1. On cold and wet days I often run the trains from the cupola of the caboose, but if the trains are in the train sheds, I would have to set up a power supply and throttle outside just to get the trains assembled in/from the sheds and once the trains were on the mainlines I would then (possibly in the rain) have to move the power supplies and throttles inside the caboose.

2. As an alternative, I have found that I can run the Aristo switch motors from a 6 volt lantern battery (no 120VAC power supply needed and better yet no long wiring circuits).

That thought led to...

Why not keep operations battery powered until the trains are ready to be switched to the main power supplies on the mainline?

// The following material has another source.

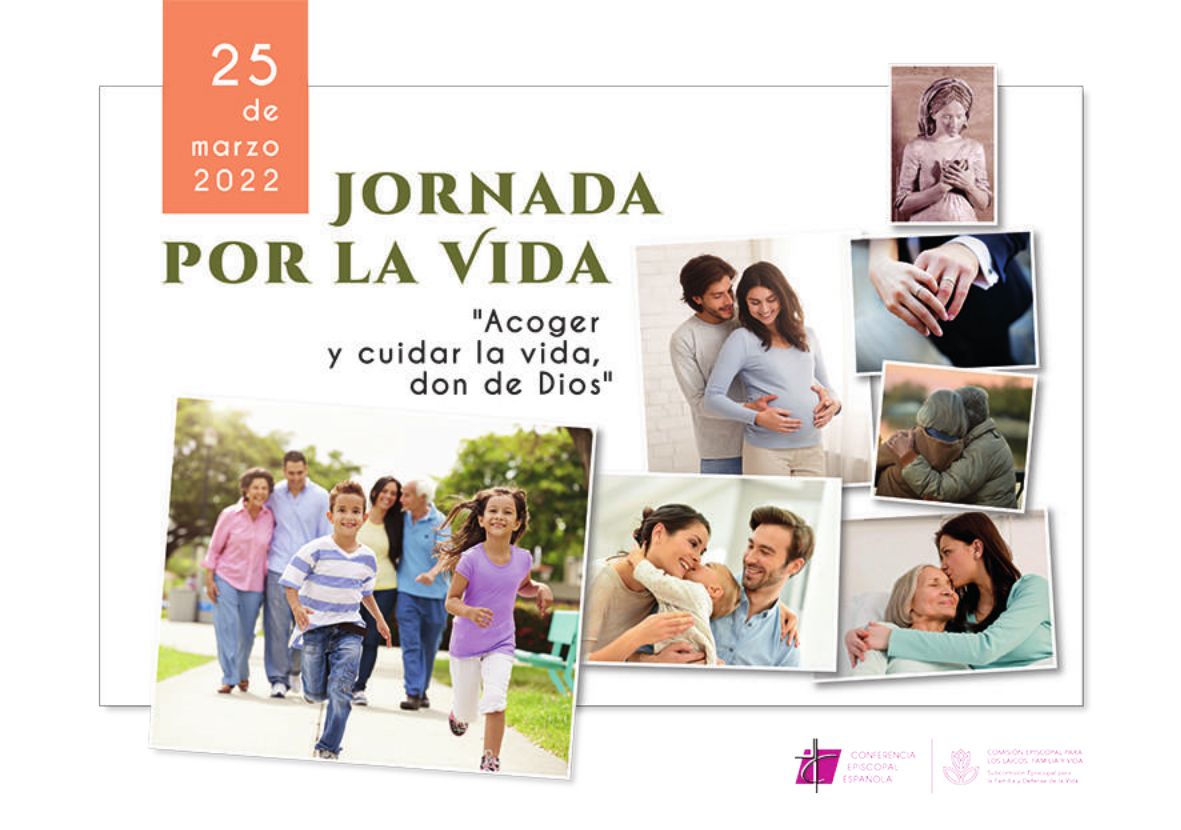 Jornada por la Vida 2022 cartel castellano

3. Simply using a 12 volt motorcycle battery (borrowed from 4 wheeler or whatever) should be all the power I need with perhaps a LGB 51070 Analog Throttle since 12 volts should provide all the voltage I should need for switching operations. If for some reason 12 volts did not work (I believe it will) I could always put another battery in series.

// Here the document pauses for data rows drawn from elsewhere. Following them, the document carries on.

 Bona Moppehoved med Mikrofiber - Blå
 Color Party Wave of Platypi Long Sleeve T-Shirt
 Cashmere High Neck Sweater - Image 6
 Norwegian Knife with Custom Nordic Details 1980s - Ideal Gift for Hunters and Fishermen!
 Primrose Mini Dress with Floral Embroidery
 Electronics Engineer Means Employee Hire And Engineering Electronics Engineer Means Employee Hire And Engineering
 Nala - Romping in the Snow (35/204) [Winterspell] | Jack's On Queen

LGB information implies that a single 12 volt battery would work with and not harm LGB power controllers but that is an assumption for which I am willing to accept the consequences if it does not work BUT I am not recommending it for anyone else and I do not have any idea how well other brands of controllers might or might not work with a 12 volt DC input.

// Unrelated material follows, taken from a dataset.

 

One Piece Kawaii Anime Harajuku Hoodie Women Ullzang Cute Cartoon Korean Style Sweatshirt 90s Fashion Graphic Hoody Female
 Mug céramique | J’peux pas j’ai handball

I repeat that I am not recommending this for anyone else but instead I am asking if anyone else is doing anything like this - or perhaps running their entire layout off of any sort of portable batteries?

*Note: I intentionally placed this topic under Traditional (track) Power. *Please _do not_ provide suggestions on alternative non-track power systems. [/b]

Thanks,

Jerry


----------



## jimtyp (Jan 2, 2008)

The latest Garden Railway magazine has an article where a guy is running a train with a 12v car battery. He charges the battery using solar. He suggested using two batteries to get 24v. as the further the battery from the track the more the voltage dropped. If I recall correctly he was getting 9v to the track with the 12v battery, so two would get you 18v.


----------



## kormsen (Oct 27, 2009)

i did just that from 1980 to 1984 (after that we got electricity at the ranch). 
an old 12 volt battery from the tractor. as regulator i used the sound-regulator from an old radio. 
the only locos i had, were stainzes and playmobil. 
the max speed was about 60% of that what a small LGB transformer-regulator produced.


----------



## Jerry McColgan (Feb 8, 2008)

Posted By jimtyp on 21 Apr 2011 10:55 AM 
The latest Garden Railway magazine has an article where a guy is running a train with a 12v car battery. He charges the battery using solar. He suggested using two batteries to get 24v. as the further the battery from the track the more the voltage dropped. If I recall correctly he was getting 9v to the track with the 12v battery, so two would get you 18v. 

Hi Jim,

My application is a bit different in that I have 120VAC just a few feet away from the train shed and I just intend to power the sidings from a battery. For this application safety is my primary concern in that I would rather not be running anything with 120VAC in the rain. When it is not raining it will be a simple task to bring the 12 volt battery inside for an occasional recharge. I intend to leave the 6 volt lantern battery outside to power the Aristo turnouts until it dies (I found that I have 3 of these batteries with no other use for them).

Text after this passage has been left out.